## Source material
*-*-*

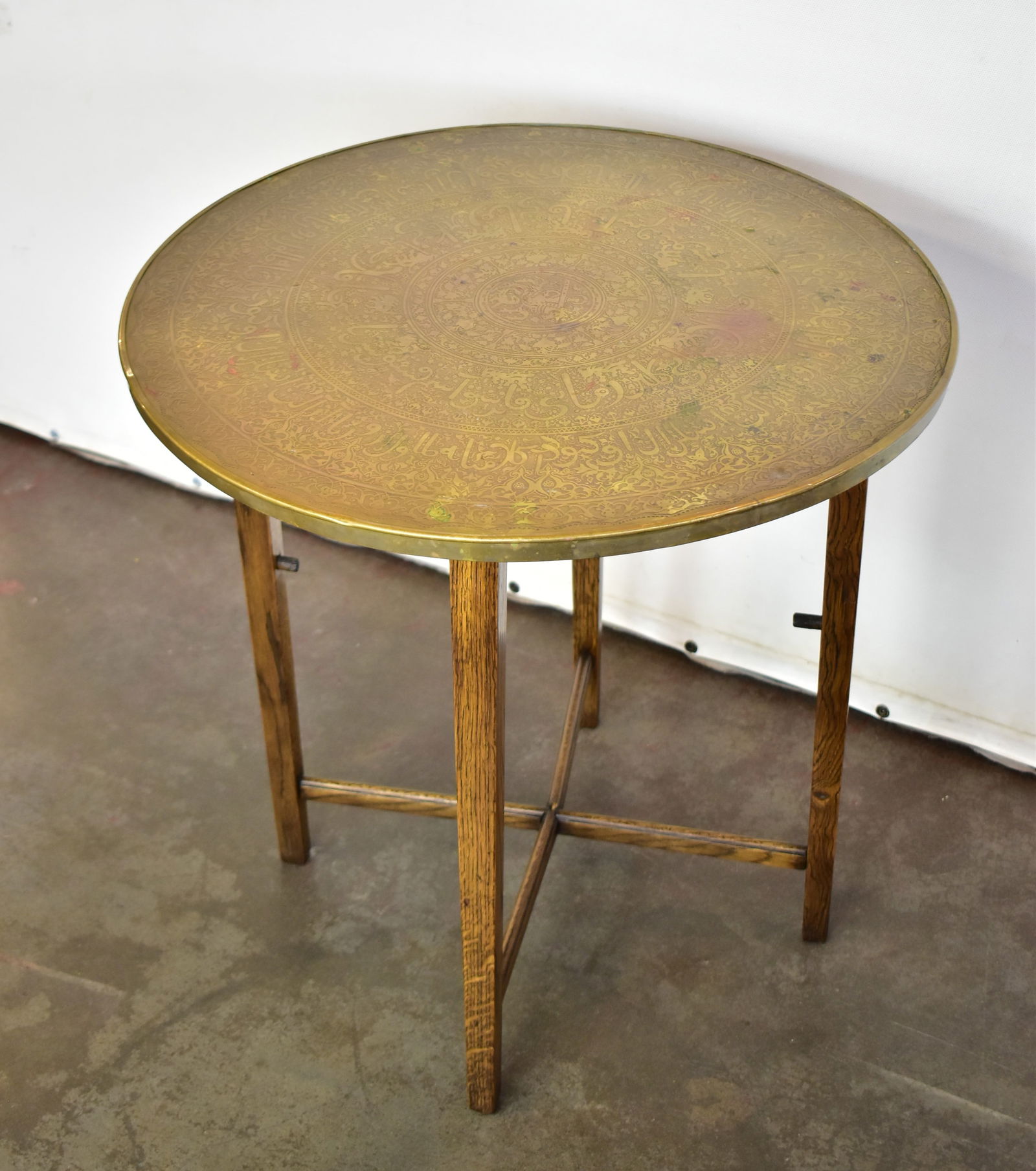 PERSIAN BRASS TOP ROUND TABLE (1 of 2)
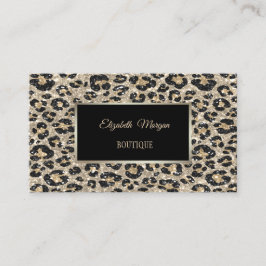 Girly Trendy Modern Glitter Leopard Print, Lijst Visitekaartje
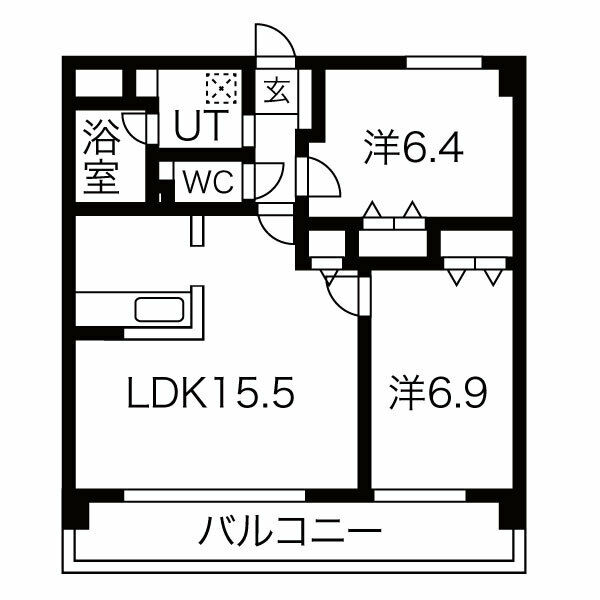 小牧市大字小牧原新田のマンションの間取り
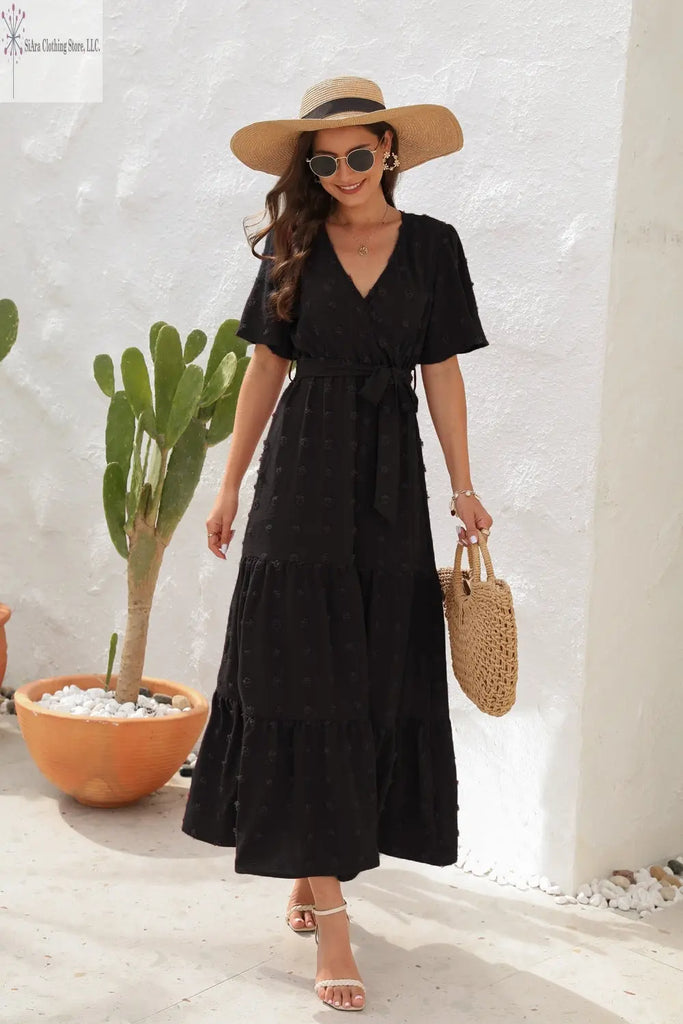 Black Maxi Dress Short Sleeves Sided | Short Sleeve Summer Dresses Casual | SiAra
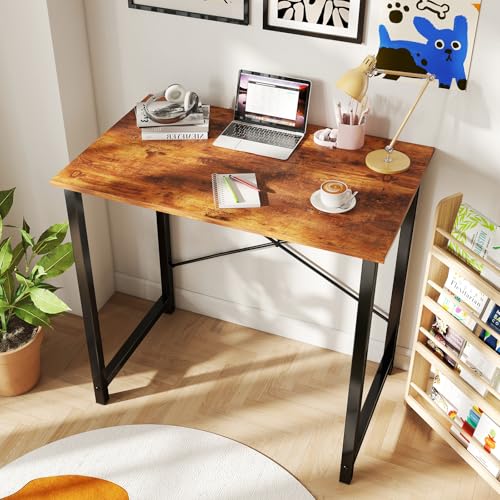 DUMOS 32 Inch DUYM-GDZ-31RT Rectangular Writing Desk, Walnut Finish, Metal Frame, Compact Design for Home Office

*-*-*

## Problem requirements
All of the entries must be reproduced exactly, with no pictures kept.

## Solution to the exercise
 PERSIAN BRASS TOP ROUND TABLE (1 of 2)
 Girly Trendy Modern Glitter Leopard Print, Lijst Visitekaartje
 小牧市大字小牧原新田のマンションの間取り
 Black Maxi Dress Short Sleeves Sided | Short Sleeve Summer Dresses Casual | SiAra
 DUMOS 32 Inch DUYM-GDZ-31RT Rectangular Writing Desk, Walnut Finish, Metal Frame, Compact Design for Home Office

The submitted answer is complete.